The Comedy Central sketch comedy show about an underground organization that monitors chaos.
Their enemy is the status quo. Their only friend is chaos. They're the four sketch comedians of the Upright Citizens Brigade. In their second season on Comedy Central, Colby (Amy Poehler), Antoine (Ian Roberts), Trotter (Matt Walsh), and Adair (Matt Besser) aim their comedic throwing stars at all manner of pseudo-realistic targets, like suburban baby fighting and that sweet, powdery addiction known as Super Cool. (Sometimes they hit, sometimes they miss.) Viewers craving subtlety and nuance may want to look elsewhere. The acting ranges from broad to broader, but the situations are consistently inventive--if not brain-twistingly bizarre.

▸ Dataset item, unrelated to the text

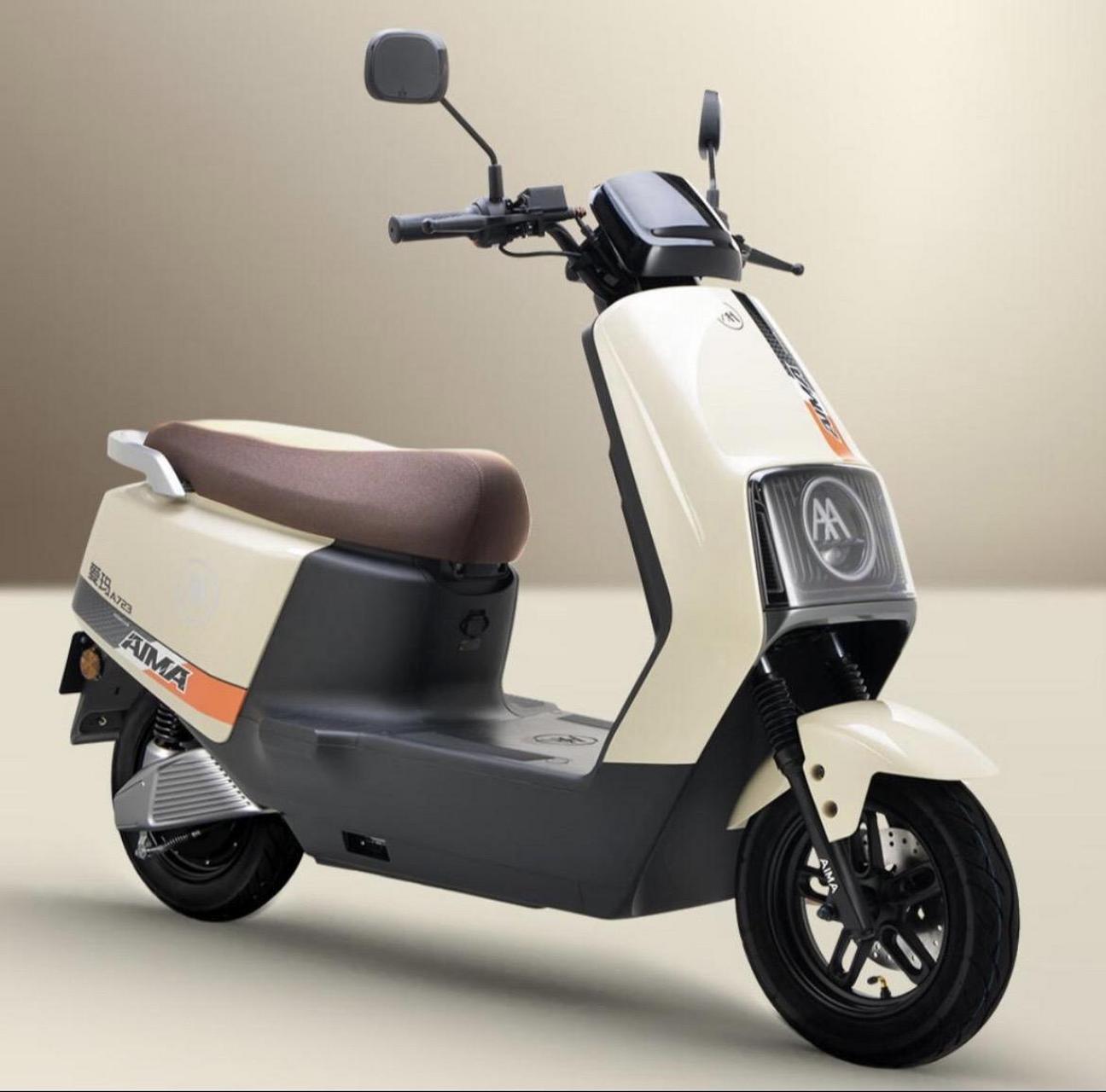 爱玛辉腾2024   看上去非常运动的一款车型 性价比非常高 颜值耐看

Standout installments include "Infested with Friars," a spoof of Eisenhower-era humor, and "Mogomra vs. the Fart Monster," a goof on Japanese pop culture, from noise rock to creature features (Mogomra is a giant lobster). Every episode also incorporates hidden camera encounters with the real world. "Didn't I once sell you crack?" for instance, doesn't garner any takers when directed at a gaggle of lawyers. Among the guest stars are the Wu-Tang Clan's RZA ("Bomb Squad") and Poehler's former SNL cast mates Tina Fey ("Mogomra") and Horatio Sanz ("Spaghetti Jesus," an episode bursting with excretory functions). Further, Upright Citizens Brigade served as a training ground for future movie directors, like Bring It On's Peyton Reed and Junebug's Phil Morrison.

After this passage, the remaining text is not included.